The Hungarian language has a very useful expression for this activity of making a space habitable or homelike. The sentence Péter a házban lakik means Péter lives in the house, while the sentence Péter belakja a házat means that Péter does things that make the house he lives in feel like his own space or home. Be in Hungarian is a preposition meaning into, so belakni does not simply stand for habitation in a given space (house, room, apartment), but also what one does to it. It is in this second sense that I wish to use the English expressions to inhabit and inhabitation, implying that inhabiting is not something passive, but a rather complex process in which human beings build a personal relation with the space they inhabit: they grow emotional ties to the space, establish repeated practices that make certain parts of the space meaningful (for example, This is where I drink my morning coffee. This is where we cuddle up in the evening.).
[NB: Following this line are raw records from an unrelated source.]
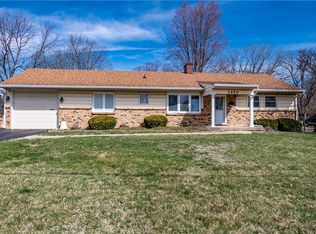 1450 W Semor Dr, Decatur, IL 62521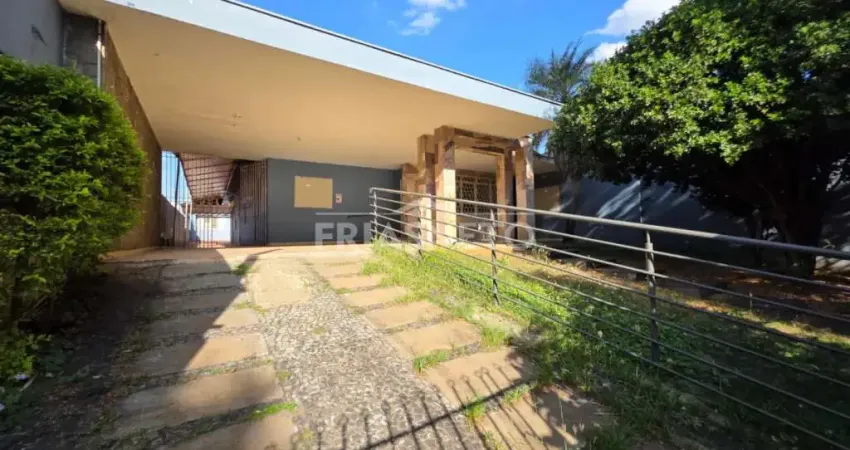 Casa comercial para locação no centro de Piracicaba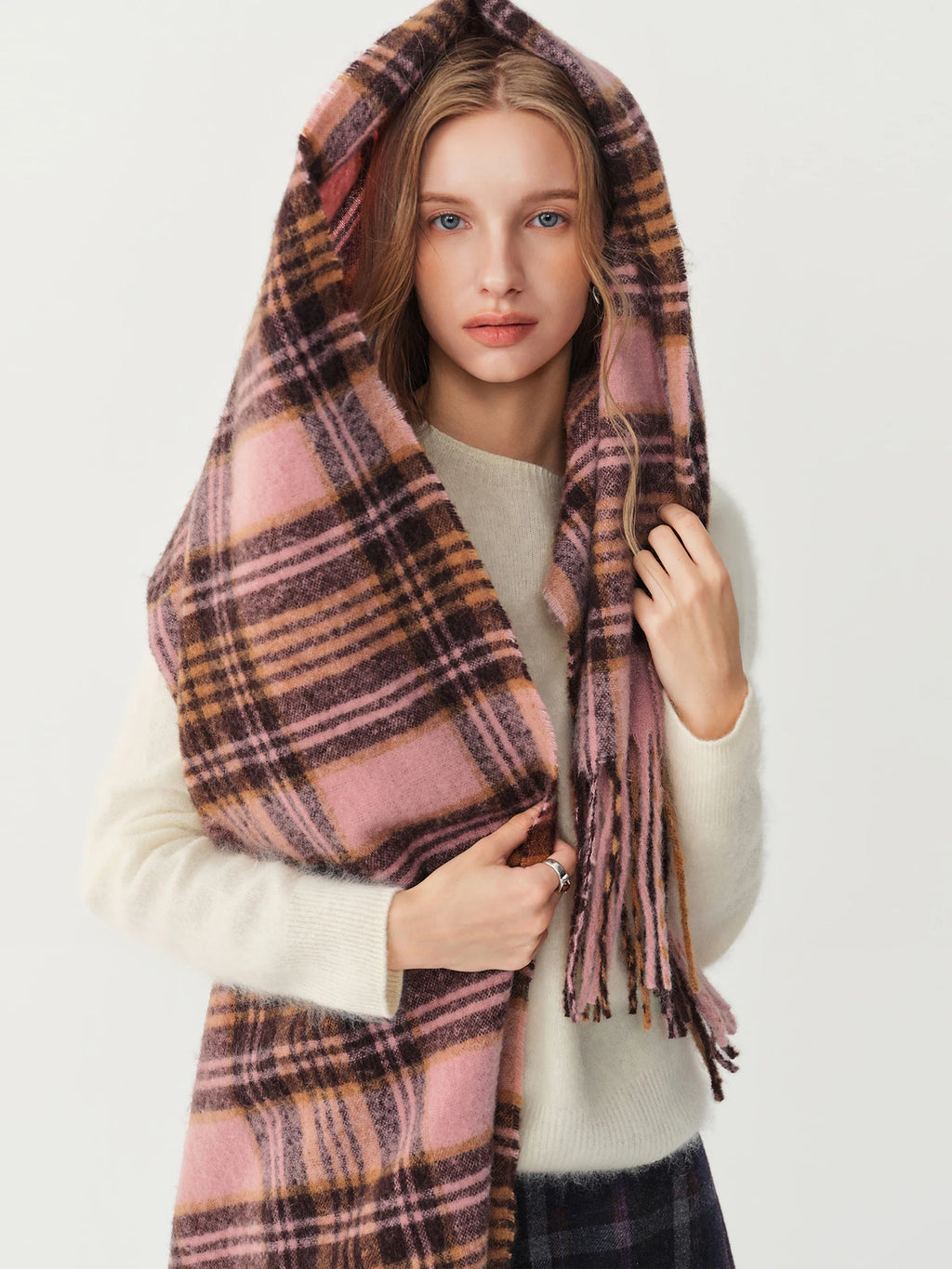 Women's Scarf Fringed Plaid Knit Polyester Cozy Warm Neck Warmer Casual Winter One Size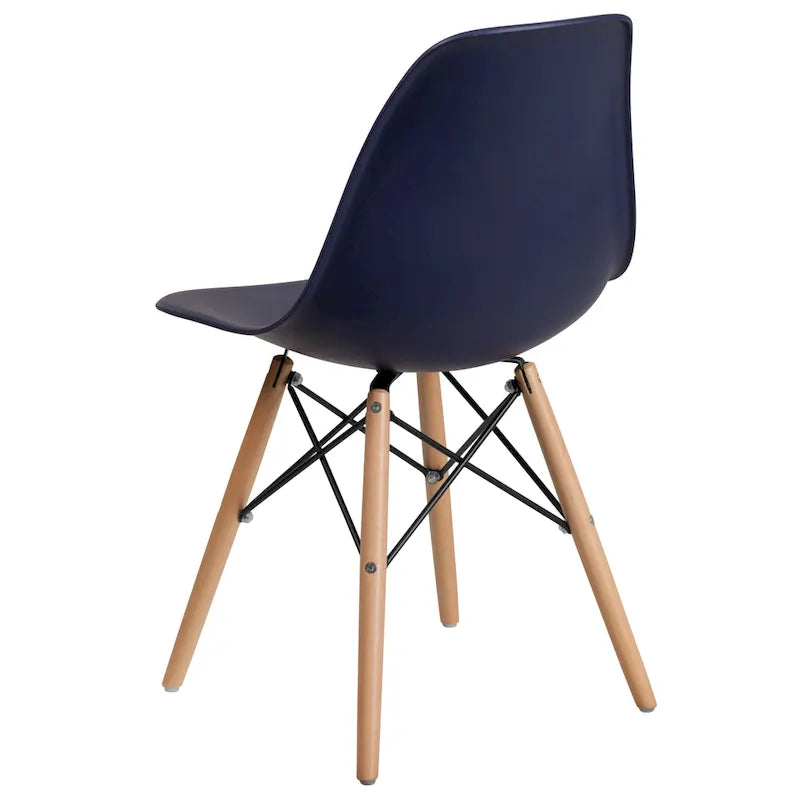 Chaise en plastique avec pieds en bois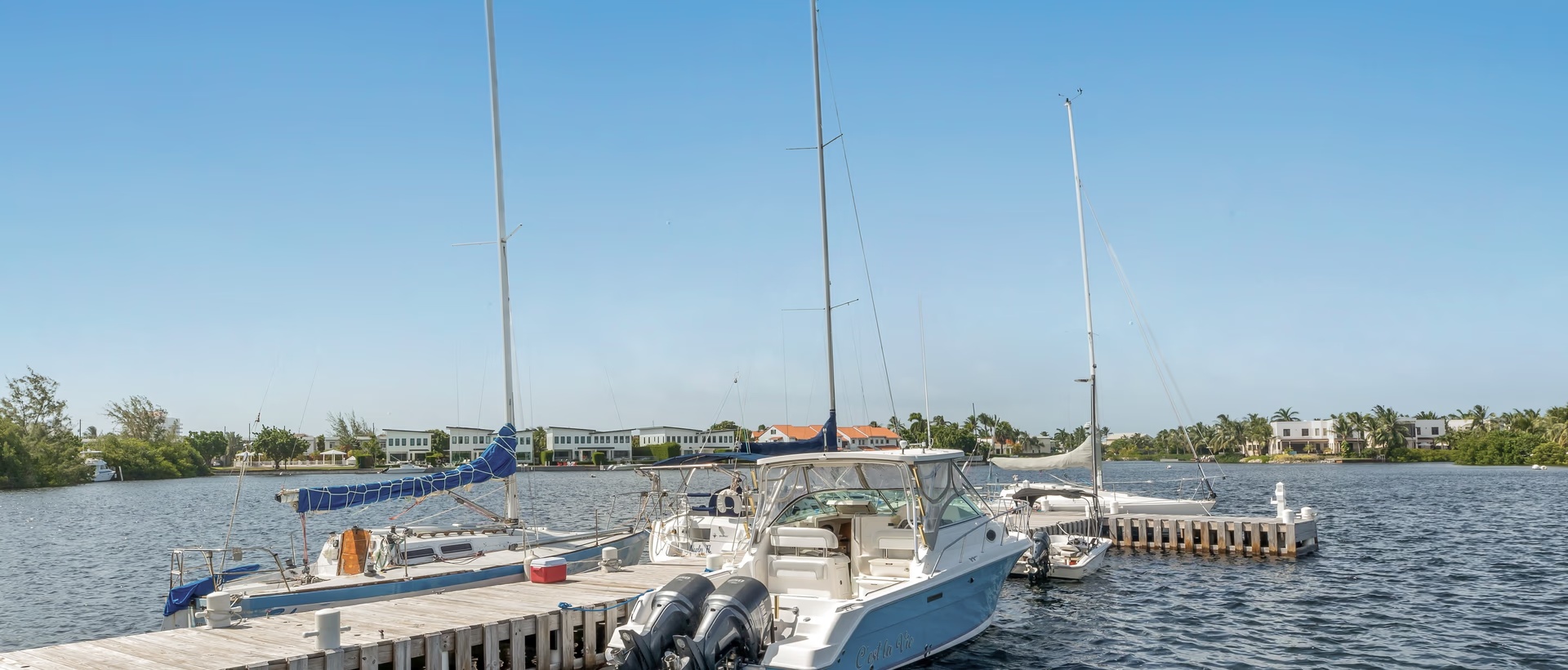 Lime Tree Bay Unique 4 Bed, 3.5 Bath With Water View
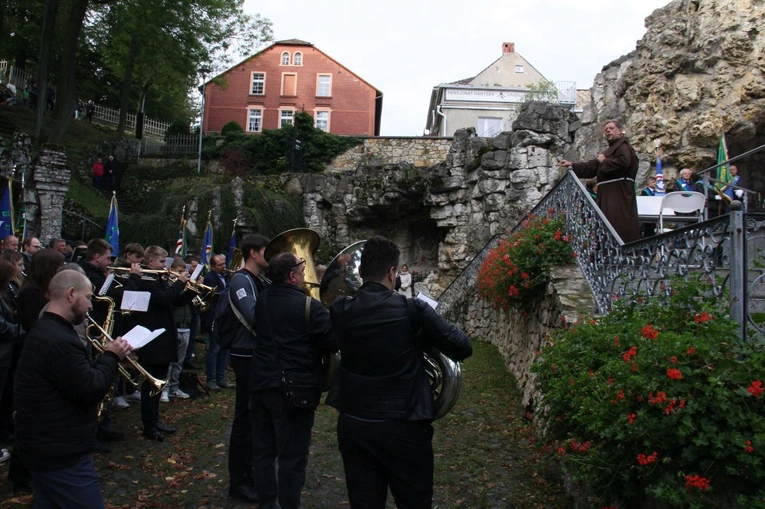 Pielgrzymka Hodowców Gołębi Pocztowych i Orkiestr Kalwaryjskich 2025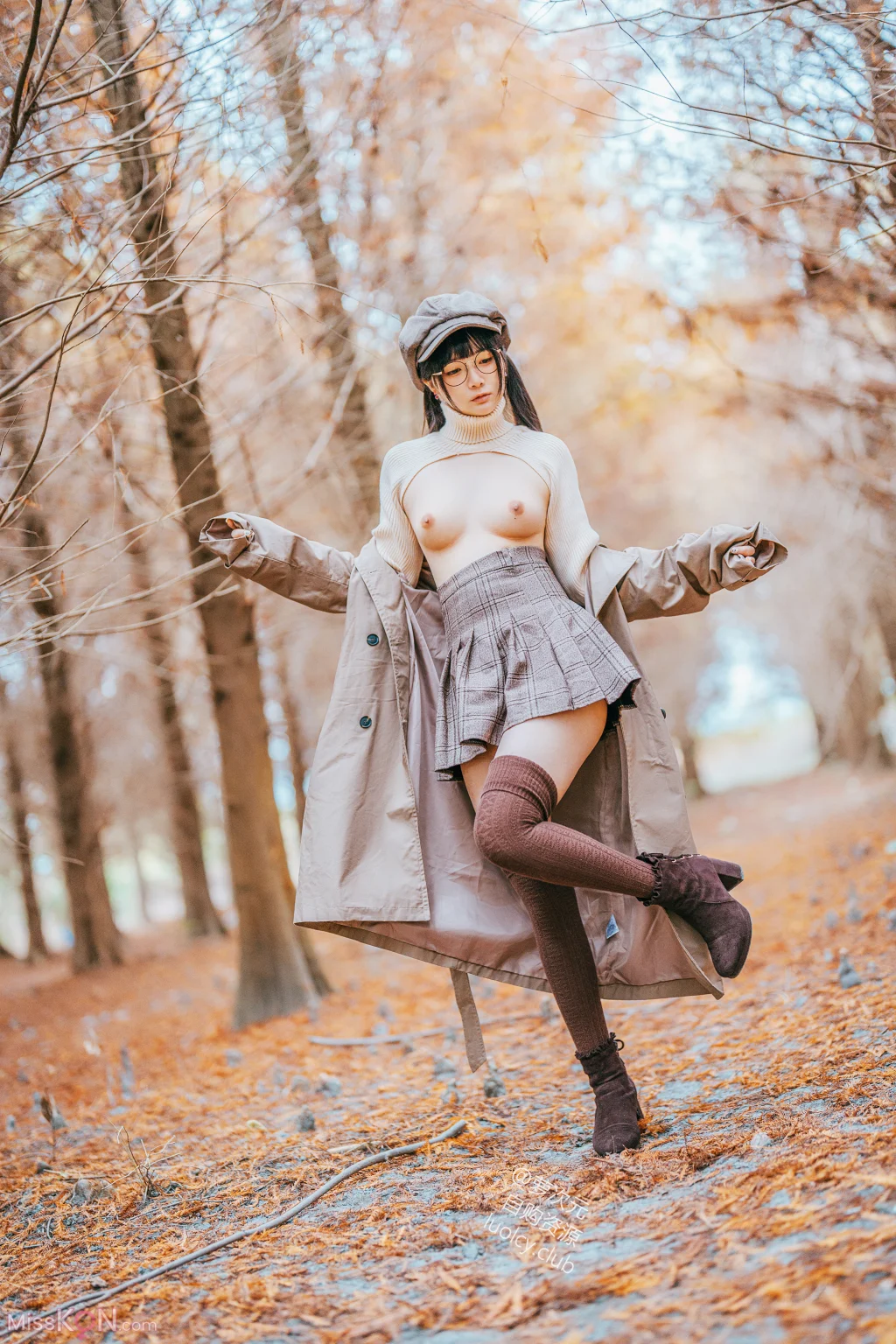 Coser@落落Raku: 8K 暮秋 muhchiou (58 photos + 1 video) – Page 2
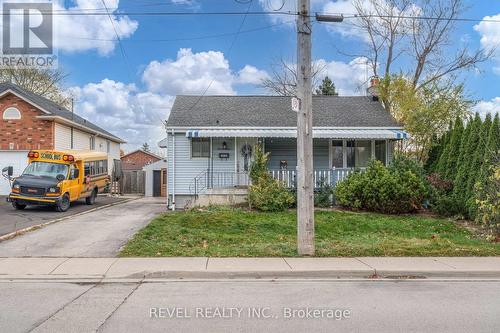 99 East 36Th Street, Hamilton, ON - Outdoor With Deck Patio Veranda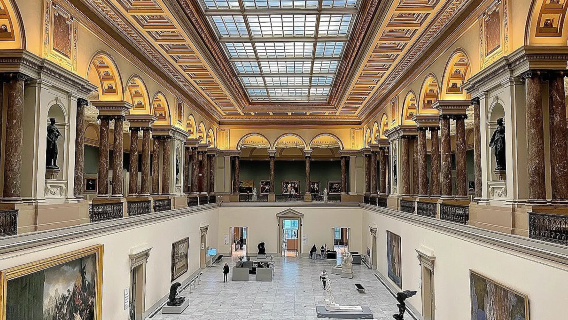 比利時布魯塞爾大教堂+皇家美術館+馬格利特+藝術之丘等一日遊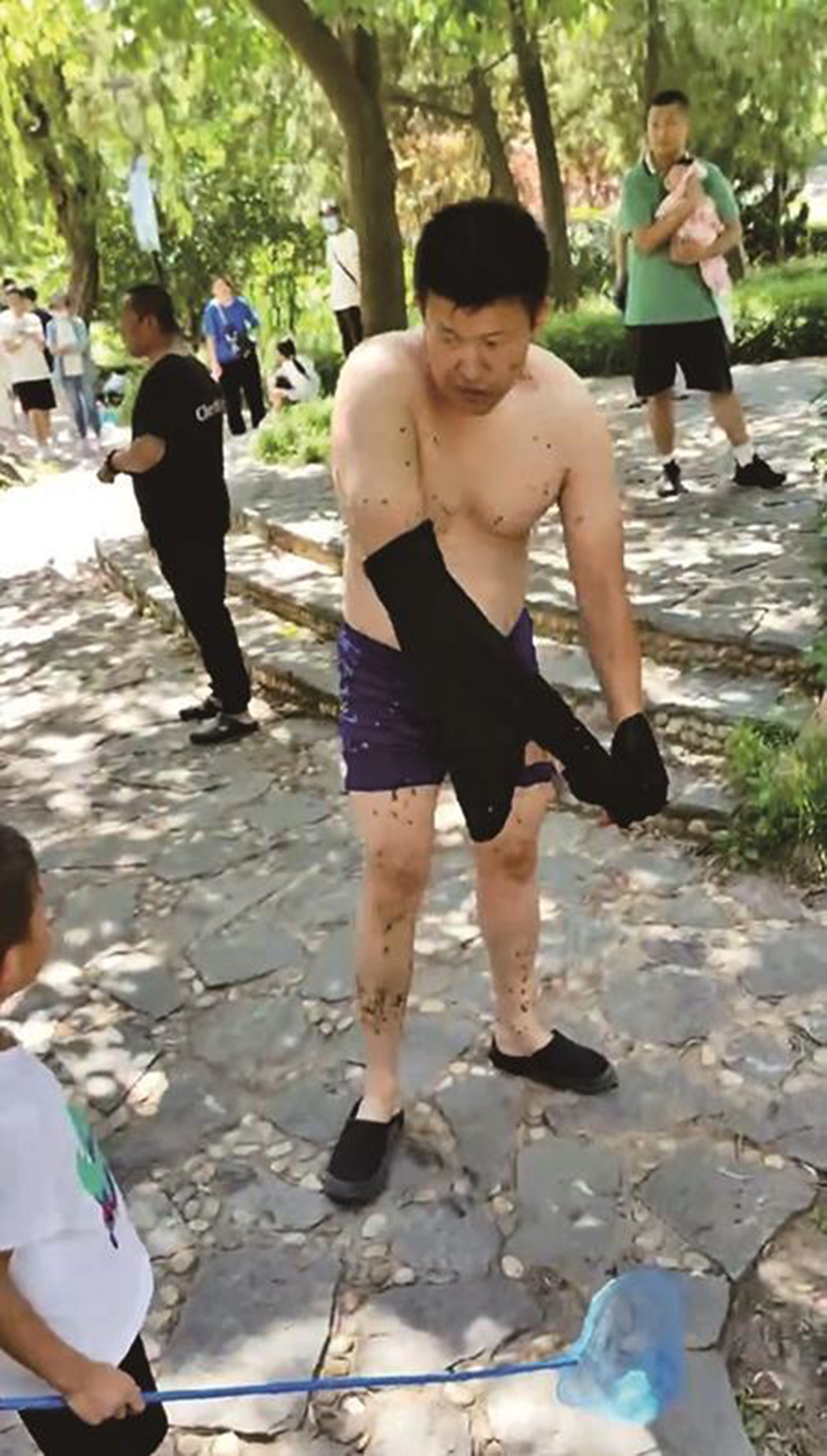 男子將大娘救出后，沒(méi)留下姓名就離開(kāi)了。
They even place the inhabited space within a larger cultural-ideological matrix—defining one’s home—consciously or unconsciously—as a land of peace, a place of resistance, a bachelor’s room, an opium den, a bunker, a place of taste and culture, a family nest, a luxurious place for others to envy, etc.. The key element in this complex process of the inhabitation or appropriation of space is that—as the Hungarian expression also shows (lakni mans to live or dwell)—it is done while and through living in that space. One can decorate or furnish a house without living there, but this kind of belakás / in-habitation can take place only through one’s repeated daily activities in that space.